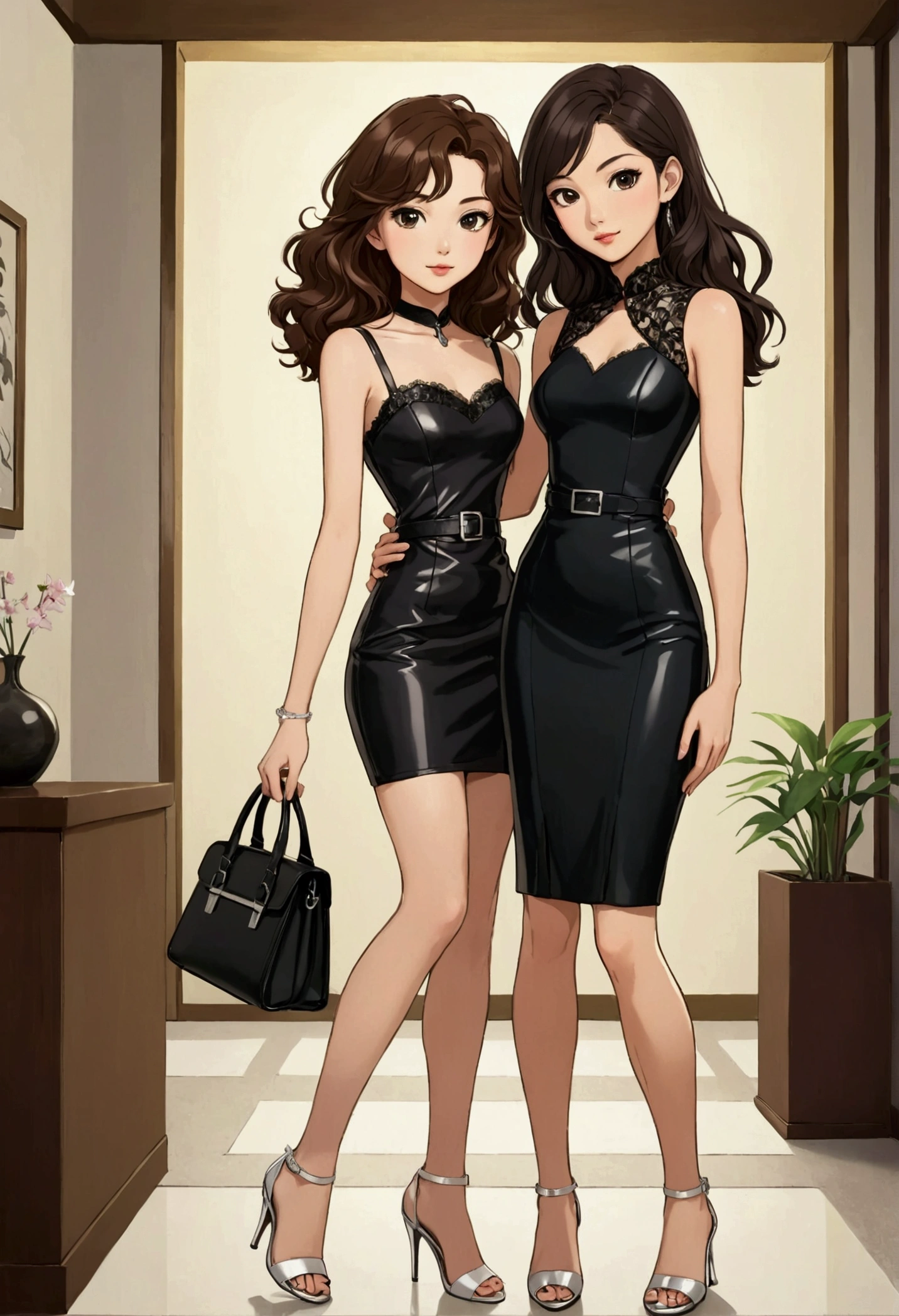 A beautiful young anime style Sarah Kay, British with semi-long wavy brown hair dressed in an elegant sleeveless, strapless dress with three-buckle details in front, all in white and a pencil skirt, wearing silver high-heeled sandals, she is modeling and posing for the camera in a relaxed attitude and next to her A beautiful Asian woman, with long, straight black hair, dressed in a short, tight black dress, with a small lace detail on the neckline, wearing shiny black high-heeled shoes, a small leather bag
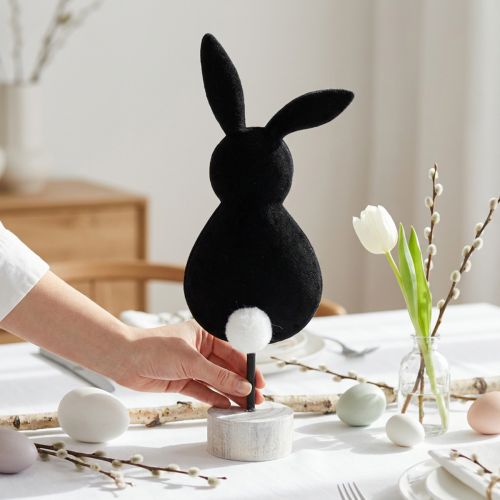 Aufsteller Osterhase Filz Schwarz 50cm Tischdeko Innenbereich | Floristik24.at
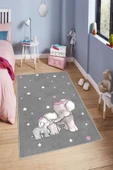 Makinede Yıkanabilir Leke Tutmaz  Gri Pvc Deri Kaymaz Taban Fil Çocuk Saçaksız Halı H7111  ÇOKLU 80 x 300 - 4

_____

Exercise: All of the material must be given again exactly, though no picture may appear in the copy.

Solution for this problem:
 A beautiful young anime style Sarah Kay, British with semi-long wavy brown hair dressed in an elegant sleeveless, strapless dress with three-buckle details in front, all in white and a pencil skirt, wearing silver high-heeled sandals, she is modeling and posing for the camera in a relaxed attitude and next to her A beautiful Asian woman, with long, straight black hair, dressed in a short, tight black dress, with a small lace detail on the neckline, wearing shiny black high-heeled shoes, a small leather bag
 Aufsteller Osterhase Filz Schwarz 50cm Tischdeko Innenbereich | Floristik24.at
 Makinede Yıkanabilir Leke Tutmaz  Gri Pvc Deri Kaymaz Taban Fil Çocuk Saçaksız Halı H7111  ÇOKLU 80 x 300 - 4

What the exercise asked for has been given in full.